Lately, doing this means turning on the TV, skipping past the news, past the highbrow drama of Devs and the candied dysfunction of Better Things. These days, the mind needs a much more manicured kind of disorder. It needs Love Island. Click Play, and soon the body—that mound of flesh and unease—is free from it all. The show narrator begins. “Previously on Love Island,” he says in his cheeky Scottish accent. Light jumps from the TV screen and animates the living room. I absorb everything it has to offer.
In this current moment of unscripted catastrophe, one that even seasoned producers Mona Scott-Young or Mark Burnett could not have dreamed up, all that feels right is the sugary chaos and redemptive thrills of reality TV. Not counting the lunatic number of naps I take or all the extra time I’ve devoted to reading (I started revisiting old favorites and, yes, Edward P. Jones’ Lost In the City is still that good), this is how I’ve made the most out of isolation: cycling through one reality program after the next, feeding on the genre’s formulaic delights.
The end goal of reality programming has always been to make viewers believe something genuine is unfolding on screen. Sometimes that’s the case, but not always. As the genre expanded over the years, many shows relied more and more on manufactured spectacle, baking illusion and performance into their process. It was reality without the real. Tense situations, eruptions in plot, and climatic reveals were puppeteered to heighten the viewer’s emotional response. Producers wanted everyone to feel invested, to ultimately have those separate realities merge—theirs with the viewer’s.

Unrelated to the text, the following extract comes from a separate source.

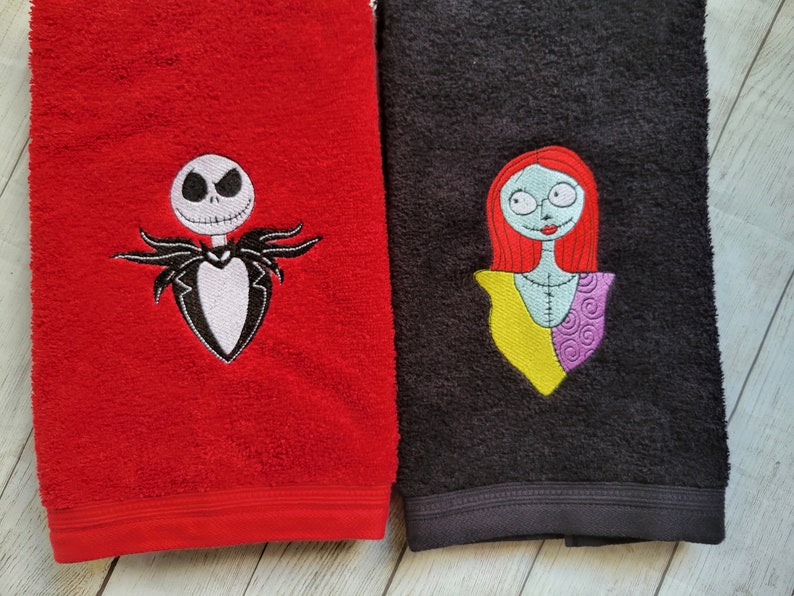 Pode incluir: Uma toalha vermelha com um bordado da personagem Jack Skellington e uma toalha preta com um bordado da personagem Sally. Ambas as toalhas t&ecirc;m uma superf&iacute;cie de tecido texturizado e um detalhe de faixa horizontal perto da borda inferior.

Franchises like Vanderpump Rules and Love & Hip-Hop are formulated this way so the audience finds connection; or worse, recoils in disgust, convinced the reflection is not theirs. “I would never do that” one might think. What is especially hypnotic about reality TV is that non-connection can be more effective than viewers actually arriving at some kind of accord with, say, the Phaedra’s of the world. You watch because you want to see how someone will again reveal their own unique ugliness. (This is partly the appeal of Tiger King, the slimy, brilliant draw of figures like Joe Exotic and Carole Baskin.) That’s where the genre finds its sweet spot; it does its best to exploit the audience’s want of this.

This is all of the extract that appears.